Operator challenges and objectives to be accomplished during each phase of the
Asset Life Cycle (Exploration, Appraisal, Development, Production, and
Rejuvenation) of both shale gas and tight gas are similar. Drilling, well
design, completion methods and hydraulic fracturing are somewhat similar; but
formation evaluation, reservoir analysis, and some of the production techniques
are quite different.
Much of the experience in shale and tight gas has been developed in the US
and in Canada, to a lesser extent; and most of the technologies that have been
developed by operators and service companies are transferable to other parts of
the world. However, the infrastructure, including equipment and service
company availability, governmental regulations, logistics, processing,
environmental considerations, and pricing are not the same as in the US.

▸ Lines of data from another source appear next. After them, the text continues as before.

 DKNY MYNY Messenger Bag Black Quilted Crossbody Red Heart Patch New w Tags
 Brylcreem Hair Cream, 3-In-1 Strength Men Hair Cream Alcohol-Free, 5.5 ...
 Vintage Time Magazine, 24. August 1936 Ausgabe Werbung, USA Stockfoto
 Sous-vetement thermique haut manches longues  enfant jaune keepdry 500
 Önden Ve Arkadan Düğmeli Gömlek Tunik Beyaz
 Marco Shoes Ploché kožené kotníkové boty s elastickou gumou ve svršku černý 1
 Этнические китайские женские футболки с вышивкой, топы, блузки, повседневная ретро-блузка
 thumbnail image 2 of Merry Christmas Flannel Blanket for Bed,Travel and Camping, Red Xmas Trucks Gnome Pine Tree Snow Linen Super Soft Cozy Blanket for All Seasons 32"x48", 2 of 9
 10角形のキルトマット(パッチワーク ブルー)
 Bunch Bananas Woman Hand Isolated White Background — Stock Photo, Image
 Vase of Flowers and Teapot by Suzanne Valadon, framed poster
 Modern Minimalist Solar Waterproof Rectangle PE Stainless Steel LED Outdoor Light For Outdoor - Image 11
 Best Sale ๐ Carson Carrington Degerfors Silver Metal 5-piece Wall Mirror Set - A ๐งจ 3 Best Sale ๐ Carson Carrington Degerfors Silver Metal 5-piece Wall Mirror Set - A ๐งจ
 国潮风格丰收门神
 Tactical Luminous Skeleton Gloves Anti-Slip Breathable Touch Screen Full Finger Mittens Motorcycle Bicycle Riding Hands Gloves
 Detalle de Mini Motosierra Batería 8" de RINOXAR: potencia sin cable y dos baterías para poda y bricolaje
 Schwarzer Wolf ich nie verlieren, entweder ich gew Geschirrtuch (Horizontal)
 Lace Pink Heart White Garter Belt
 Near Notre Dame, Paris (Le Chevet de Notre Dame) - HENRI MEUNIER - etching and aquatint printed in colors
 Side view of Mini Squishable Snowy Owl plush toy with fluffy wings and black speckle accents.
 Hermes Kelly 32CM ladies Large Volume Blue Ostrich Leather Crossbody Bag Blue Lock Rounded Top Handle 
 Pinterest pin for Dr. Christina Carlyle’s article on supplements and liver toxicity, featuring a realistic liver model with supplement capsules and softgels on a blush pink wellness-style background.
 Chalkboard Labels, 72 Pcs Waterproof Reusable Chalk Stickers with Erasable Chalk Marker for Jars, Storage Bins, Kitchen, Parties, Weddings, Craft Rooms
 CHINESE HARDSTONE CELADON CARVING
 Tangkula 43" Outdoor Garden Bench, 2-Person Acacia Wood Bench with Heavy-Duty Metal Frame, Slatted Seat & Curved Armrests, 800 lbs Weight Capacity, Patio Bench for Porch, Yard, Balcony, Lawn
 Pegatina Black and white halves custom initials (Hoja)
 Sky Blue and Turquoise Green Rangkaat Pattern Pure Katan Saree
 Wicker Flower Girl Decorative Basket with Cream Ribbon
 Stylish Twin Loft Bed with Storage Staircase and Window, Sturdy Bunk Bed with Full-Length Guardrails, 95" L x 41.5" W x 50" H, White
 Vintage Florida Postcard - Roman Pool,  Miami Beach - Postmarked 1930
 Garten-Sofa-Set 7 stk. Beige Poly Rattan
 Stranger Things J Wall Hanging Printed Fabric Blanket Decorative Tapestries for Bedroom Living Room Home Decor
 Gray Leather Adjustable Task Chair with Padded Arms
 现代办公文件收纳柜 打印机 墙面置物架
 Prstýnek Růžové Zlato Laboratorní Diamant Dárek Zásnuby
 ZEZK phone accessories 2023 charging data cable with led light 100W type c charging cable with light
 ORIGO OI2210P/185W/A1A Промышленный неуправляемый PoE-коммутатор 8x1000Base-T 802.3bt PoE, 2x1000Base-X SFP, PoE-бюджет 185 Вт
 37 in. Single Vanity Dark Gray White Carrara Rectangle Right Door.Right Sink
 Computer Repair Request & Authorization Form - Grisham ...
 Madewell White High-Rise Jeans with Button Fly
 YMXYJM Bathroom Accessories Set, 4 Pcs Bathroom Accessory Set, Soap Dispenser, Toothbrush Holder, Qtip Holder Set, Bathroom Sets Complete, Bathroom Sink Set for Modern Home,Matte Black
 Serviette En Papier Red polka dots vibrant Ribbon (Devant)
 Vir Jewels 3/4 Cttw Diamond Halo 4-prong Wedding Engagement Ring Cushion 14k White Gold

This may impact the rate of the technology transfer as well as the selection of
some of the technology. This paper is focused on operations challenges,
technologies, and experience associated with shale and tight gas projects. It
is likely that environmental concerns and the drive to reduce development costs
of tight and shale gas reservoirs will drive new approaches to the development
of these reservoirs in China, Latin America, Middle East, North Africa, and
other parts of the world.
Introduction
Unconventional shale and tight gas development in the US was sparked by the
1980 introduction of The Alternative Fuel Production Credit of the Internal
Revenue Code (an income tax credit). “The 1980 WPT (windfall profit
tax) included a $3.00 (in 1979 dollars) production tax credit to stimulate the
supply of selected unconventional fuels: oil from shale or tar sands, gas
produced from geo-pressurized brine, Devonian shale, tight formations, or
coalbed methane, gas from biomass, and synthetic fuels from coal. In current
dollars this credit, which is still in effect for certain types of fuels, was
$6.56 per barrel of liquid fuels and about $1.16 per thousand cubic feet (mcf)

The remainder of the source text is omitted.